You can learn more by following the Examples or delving into the Function Reference. The Background section offers a deeper explanation of the methods used to evaluate likelihoods and the pros and cons of different parameterizations. See the accompanying publication “Scalable Gaussian process inference with Stan” for further details.

Installation

If you have a recent python installation, the library can be installed by running

pip install gptools-stan

from the command line. The library exposes a function gptools.stan.compile_model() for compiling cmdstanpy.CmdStanModels with the correct include paths. For example, the example above can be compiled using the following snippet.

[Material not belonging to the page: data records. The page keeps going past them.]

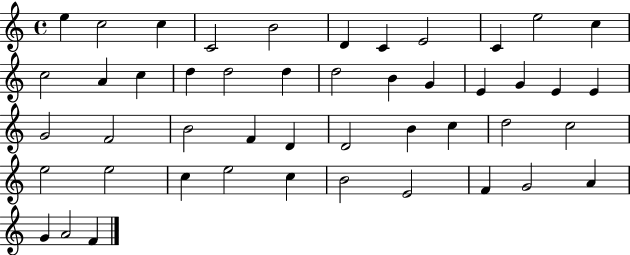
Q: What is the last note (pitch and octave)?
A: F4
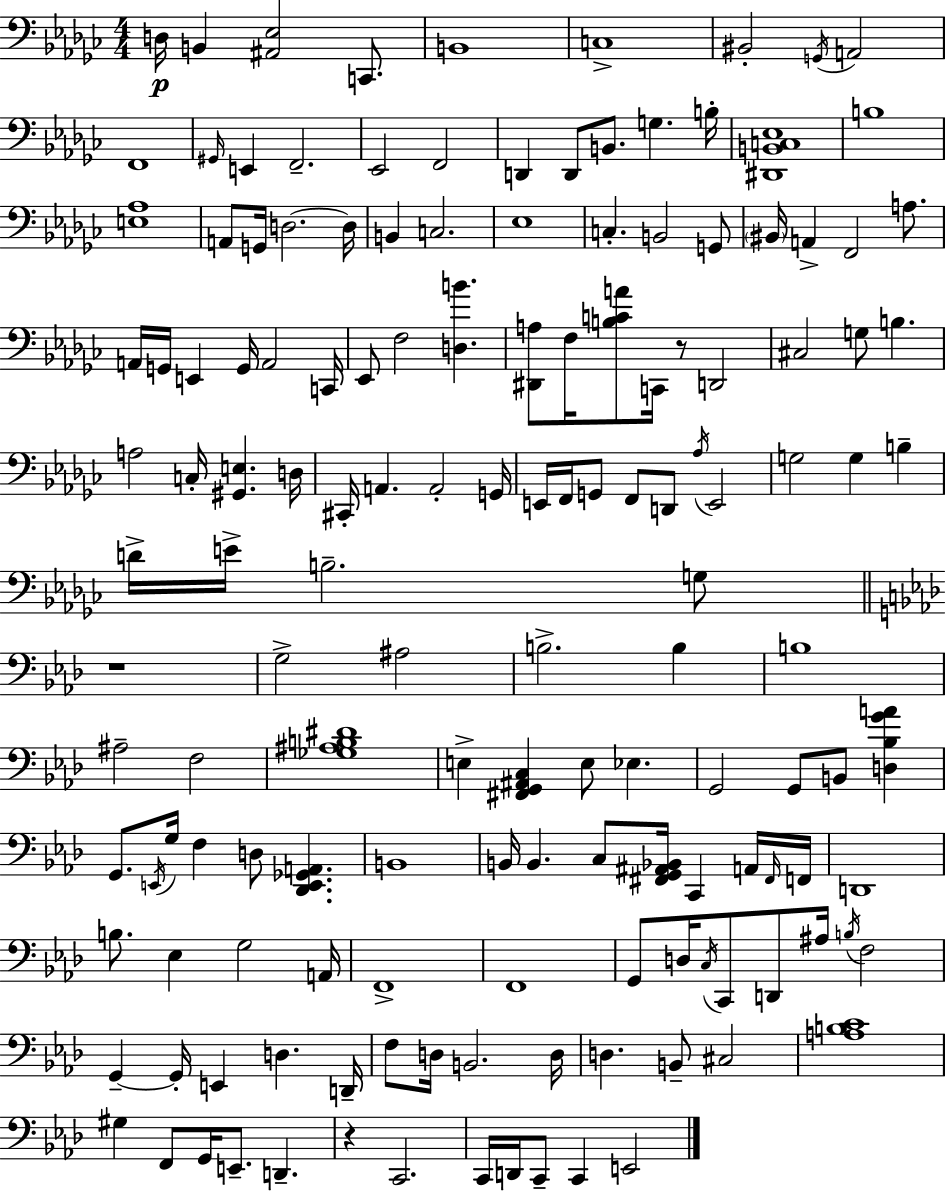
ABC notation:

X:1
T:Untitled
M:4/4
L:1/4
K:Ebm
D,/4 B,, [^A,,_E,]2 C,,/2 B,,4 C,4 ^B,,2 G,,/4 A,,2 F,,4 ^G,,/4 E,, F,,2 _E,,2 F,,2 D,, D,,/2 B,,/2 G, B,/4 [^D,,B,,C,_E,]4 B,4 [E,_A,]4 A,,/2 G,,/4 D,2 D,/4 B,, C,2 _E,4 C, B,,2 G,,/2 ^B,,/4 A,, F,,2 A,/2 A,,/4 G,,/4 E,, G,,/4 A,,2 C,,/4 _E,,/2 F,2 [D,B] [^D,,A,]/2 F,/4 [B,CA]/2 C,,/4 z/2 D,,2 ^C,2 G,/2 B, A,2 C,/4 [^G,,E,] D,/4 ^C,,/4 A,, A,,2 G,,/4 E,,/4 F,,/4 G,,/2 F,,/2 D,,/2 _A,/4 E,,2 G,2 G, B, D/4 E/4 B,2 G,/2 z4 G,2 ^A,2 B,2 B, B,4 ^A,2 F,2 [_G,^A,B,^D]4 E, [^F,,G,,^A,,C,] E,/2 _E, G,,2 G,,/2 B,,/2 [D,_B,GA] G,,/2 E,,/4 G,/4 F, D,/2 [_D,,E,,_G,,A,,] B,,4 B,,/4 B,, C,/2 [^F,,G,,^A,,_B,,]/4 C,, A,,/4 ^F,,/4 F,,/4 D,,4 B,/2 _E, G,2 A,,/4 F,,4 F,,4 G,,/2 D,/4 C,/4 C,,/2 D,,/2 ^A,/4 B,/4 F,2 G,, G,,/4 E,, D, D,,/4 F,/2 D,/4 B,,2 D,/4 D, B,,/2 ^C,2 [A,B,C]4 ^G, F,,/2 G,,/4 E,,/2 D,, z C,,2 C,,/4 D,,/4 C,,/2 C,, E,,2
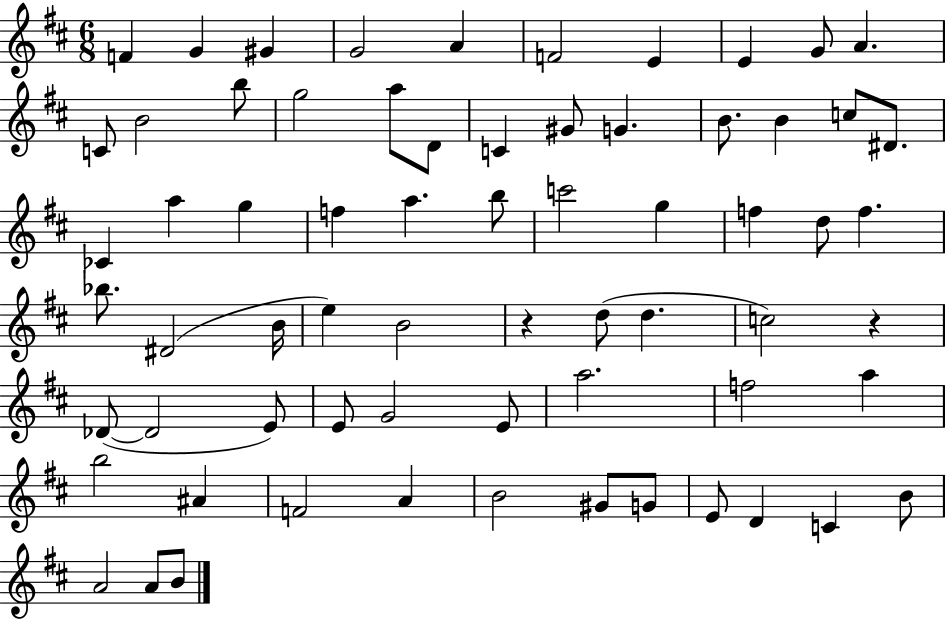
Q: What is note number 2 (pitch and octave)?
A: G4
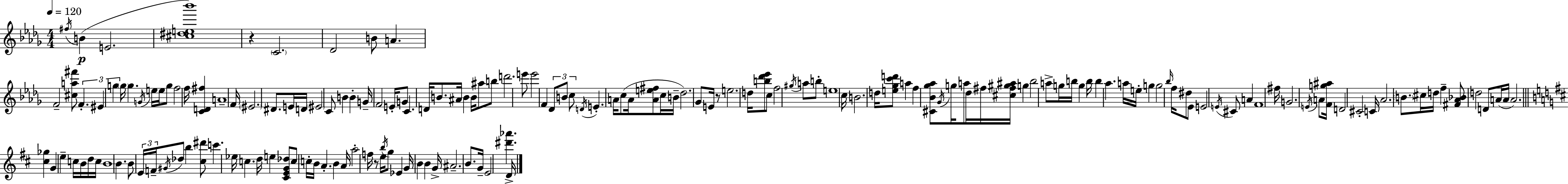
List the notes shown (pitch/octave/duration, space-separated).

F#5/s B4/q E4/h. [C#5,D#5,E5,Bb6]/w R/q C4/h. Db4/h B4/e A4/q. F4/h [C#5,A5,F#6]/e F4/q. EIS4/q G5/q G5/s G5/q. G4/s E5/s E5/s G5/e F5/h F5/s [C4,D4,F#5]/q A4/w F4/s EIS4/h. D#4/e. E4/s D4/s EIS4/h C4/e B4/q B4/q G4/s F4/h E4/s G4/e C4/q. D4/s B4/e. A#4/s B4/q B4/s A#5/e B5/e D6/h. E6/e E6/h F4/q Db4/e B4/e C5/e D4/s E4/q. A4/s C5/e A4/s [A4,E5,F#5]/e C5/s B4/s Db5/h. Gb4/e E4/s R/e E5/h. D5/s [B5,Db6,Eb6]/e C5/e F5/h G#5/s A5/e B5/e E5/w C5/s B4/h. D5/s [E5,Gb5,C6,D6]/e A5/q F5/q [C#4,Bb4,Gb5,Ab5]/e Gb4/s G5/s A5/e Db5/s F#5/s [C#5,F#5,G#5,A#5]/s G5/q Bb5/h A5/e G5/s B5/s G5/q B5/s B5/q Ab5/q. A5/s E5/s G5/q G5/h Bb5/s F5/s D#5/e Eb4/e E4/h E4/s C#4/e A4/q F4/w F#5/s G4/h. E4/s A4/e [F4,G5,A#5]/s D4/h C#4/h C4/s Ab4/h. B4/e. C#5/s D5/s F5/q [F#4,Ab4,Bb4]/e D5/h D4/e A4/s A4/s A4/h. [C#5,Gb5]/q G4/q E5/q C5/s B4/s D5/s C5/s B4/w B4/q. B4/e E4/s F4/s G#4/s Db5/e B5/q [C#5,D#6]/e C6/q. Eb5/s C5/q. D5/s E5/q [C#4,E4,G4,Db5]/e C5/e C5/s B4/s A4/q. B4/q A4/s A5/h F5/s R/e E5/s B5/s G5/e Eb4/q G4/s B4/q B4/q G4/s A#4/h. B4/e. G4/s E4/h [D#6,Ab6]/q. D4/s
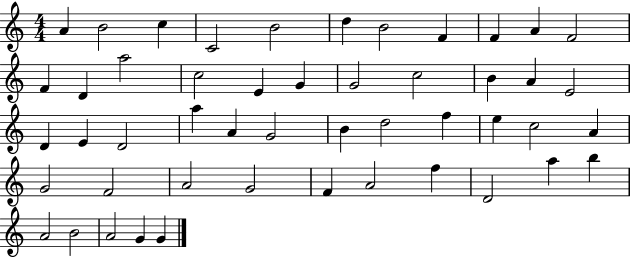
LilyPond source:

{
  \clef treble
  \numericTimeSignature
  \time 4/4
  \key c \major
  a'4 b'2 c''4 | c'2 b'2 | d''4 b'2 f'4 | f'4 a'4 f'2 | \break f'4 d'4 a''2 | c''2 e'4 g'4 | g'2 c''2 | b'4 a'4 e'2 | \break d'4 e'4 d'2 | a''4 a'4 g'2 | b'4 d''2 f''4 | e''4 c''2 a'4 | \break g'2 f'2 | a'2 g'2 | f'4 a'2 f''4 | d'2 a''4 b''4 | \break a'2 b'2 | a'2 g'4 g'4 | \bar "|."
}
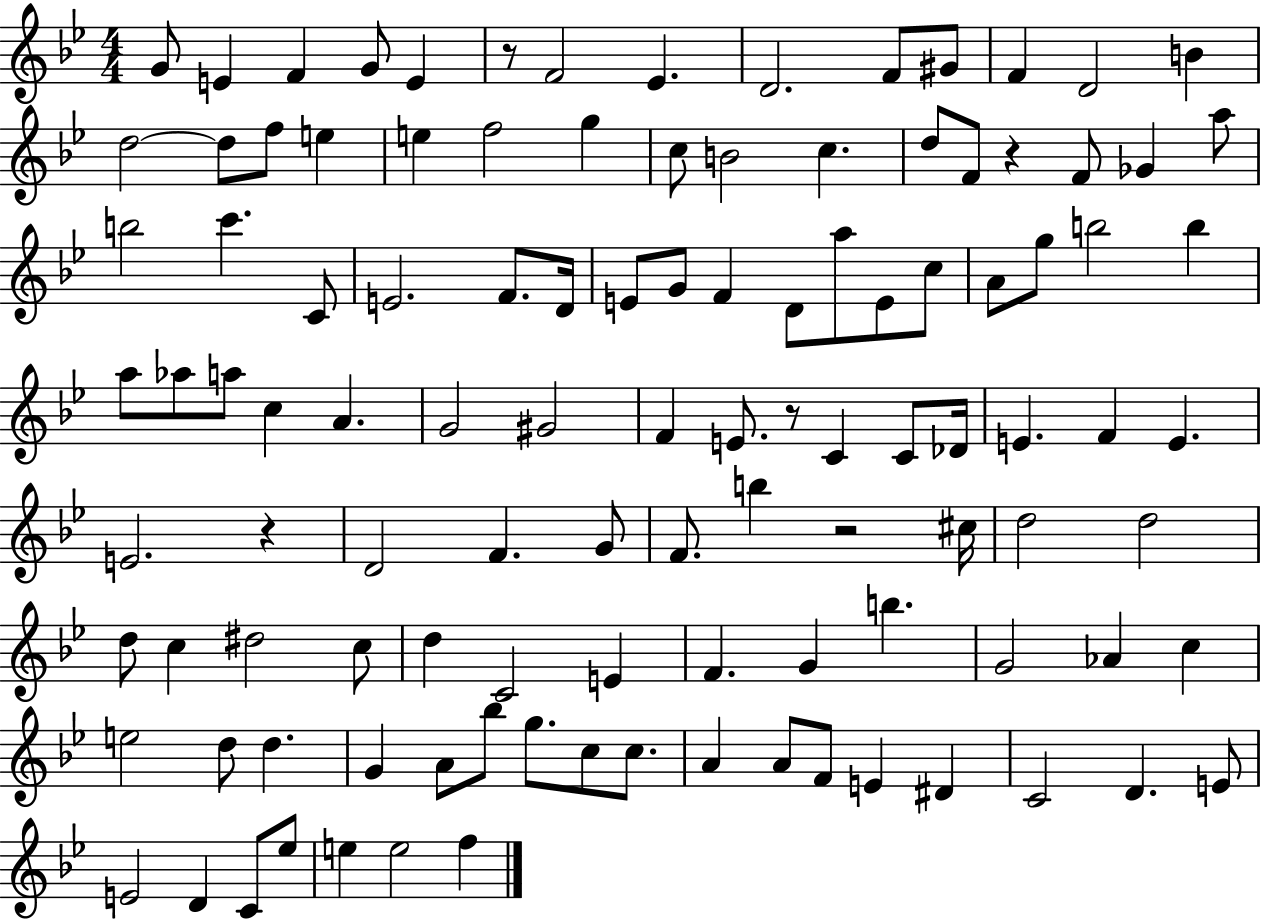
G4/e E4/q F4/q G4/e E4/q R/e F4/h Eb4/q. D4/h. F4/e G#4/e F4/q D4/h B4/q D5/h D5/e F5/e E5/q E5/q F5/h G5/q C5/e B4/h C5/q. D5/e F4/e R/q F4/e Gb4/q A5/e B5/h C6/q. C4/e E4/h. F4/e. D4/s E4/e G4/e F4/q D4/e A5/e E4/e C5/e A4/e G5/e B5/h B5/q A5/e Ab5/e A5/e C5/q A4/q. G4/h G#4/h F4/q E4/e. R/e C4/q C4/e Db4/s E4/q. F4/q E4/q. E4/h. R/q D4/h F4/q. G4/e F4/e. B5/q R/h C#5/s D5/h D5/h D5/e C5/q D#5/h C5/e D5/q C4/h E4/q F4/q. G4/q B5/q. G4/h Ab4/q C5/q E5/h D5/e D5/q. G4/q A4/e Bb5/e G5/e. C5/e C5/e. A4/q A4/e F4/e E4/q D#4/q C4/h D4/q. E4/e E4/h D4/q C4/e Eb5/e E5/q E5/h F5/q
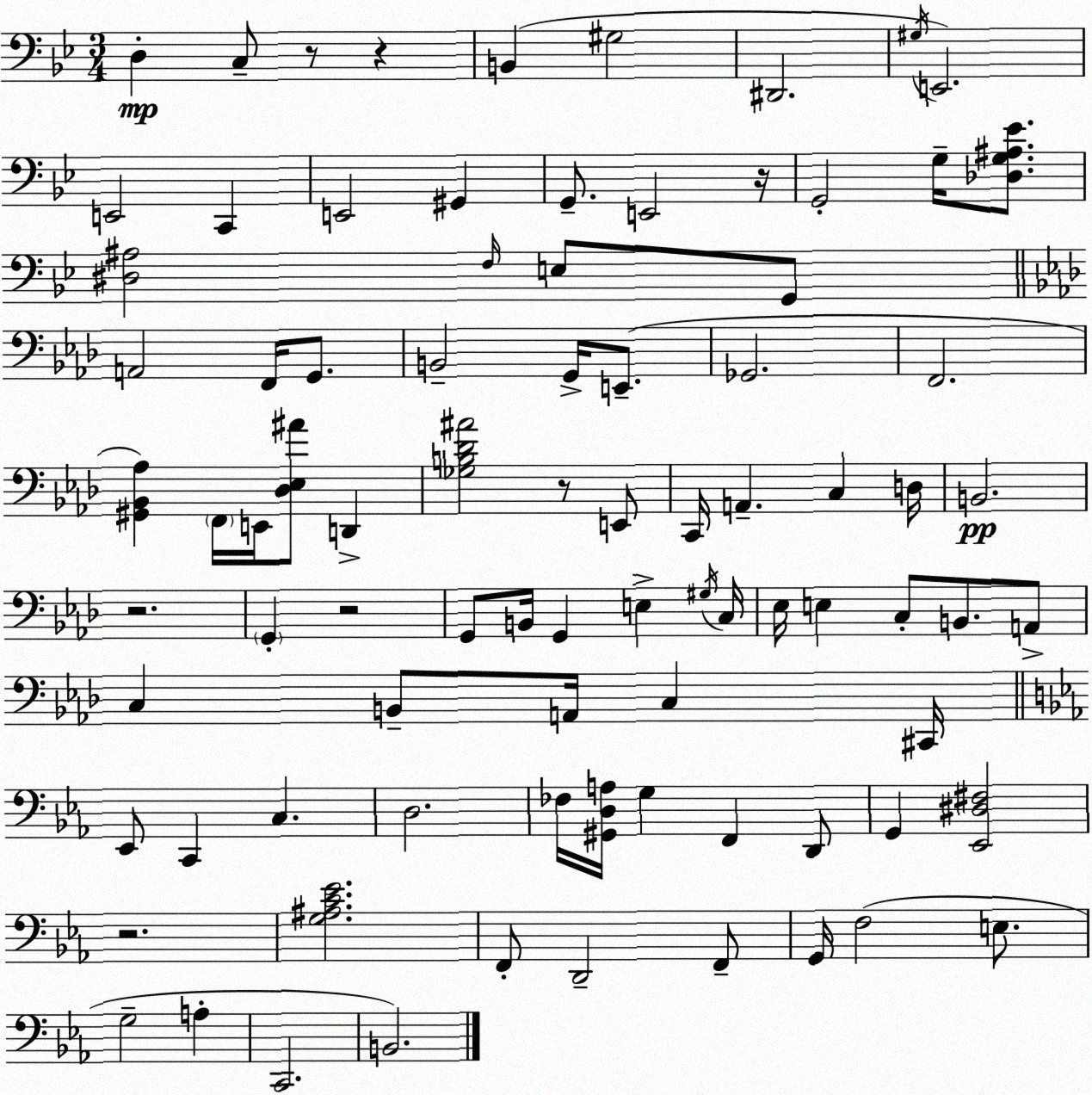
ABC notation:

X:1
T:Untitled
M:3/4
L:1/4
K:Gm
D, C,/2 z/2 z B,, ^G,2 ^D,,2 ^G,/4 E,,2 E,,2 C,, E,,2 ^G,, G,,/2 E,,2 z/4 G,,2 G,/4 [_D,G,^A,_E]/2 [^D,^A,]2 F,/4 E,/2 G,,/2 A,,2 F,,/4 G,,/2 B,,2 G,,/4 E,,/2 _G,,2 F,,2 [^G,,_B,,_A,] F,,/4 E,,/4 [_D,_E,^A]/2 D,, [_G,B,_D^A]2 z/2 E,,/2 C,,/4 A,, C, D,/4 B,,2 z2 G,, z2 G,,/2 B,,/4 G,, E, ^G,/4 C,/4 _E,/4 E, C,/2 B,,/2 A,,/2 C, B,,/2 A,,/4 C, ^C,,/4 _E,,/2 C,, C, D,2 _F,/4 [^G,,D,A,]/4 G, F,, D,,/2 G,, [_E,,^D,^F,]2 z2 [G,^A,C_E]2 F,,/2 D,,2 F,,/2 G,,/4 F,2 E,/2 G,2 A, C,,2 B,,2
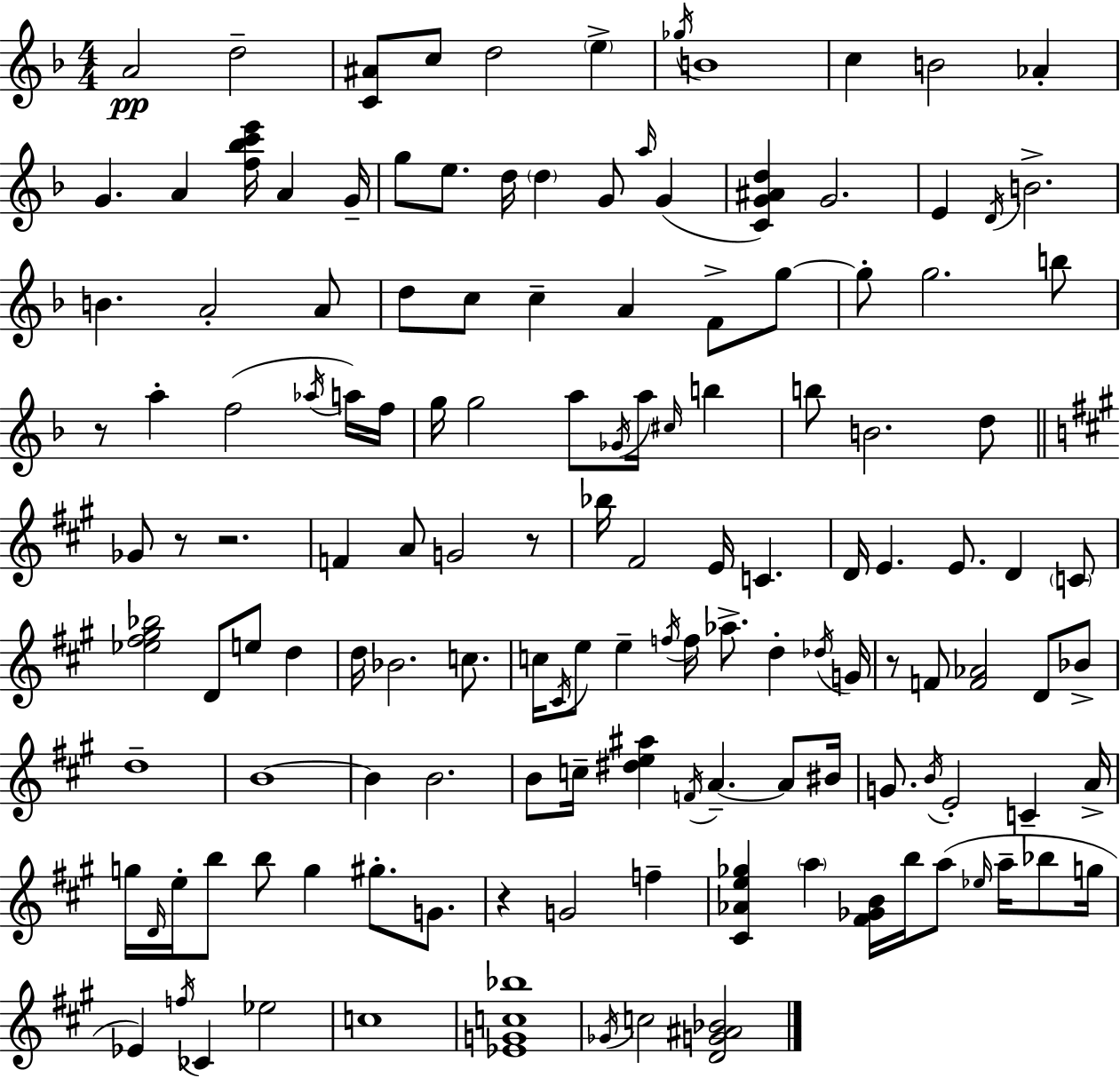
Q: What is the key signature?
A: D minor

>>> from gptools.stan import compile_model
>>>
>>> # stan_file = path/to/getting_started.stan
>>> model = compile_model(stan_file=stan_file)
>>> model.name
'getting_started'

If you use cmdstanr or another Stan interface, you can download the library files from GitHub. Then add the library location to the compiler include_paths as described in the manual (see here for cmdstanr instructions).

Reproducing results from the accompanying publication

The accompanying publication “Scalable Gaussian process inference with Stan” provides theoretical background and a technical description of the methods. All results and figures can be reproduced by following the instructions in the repository of reproduction materials.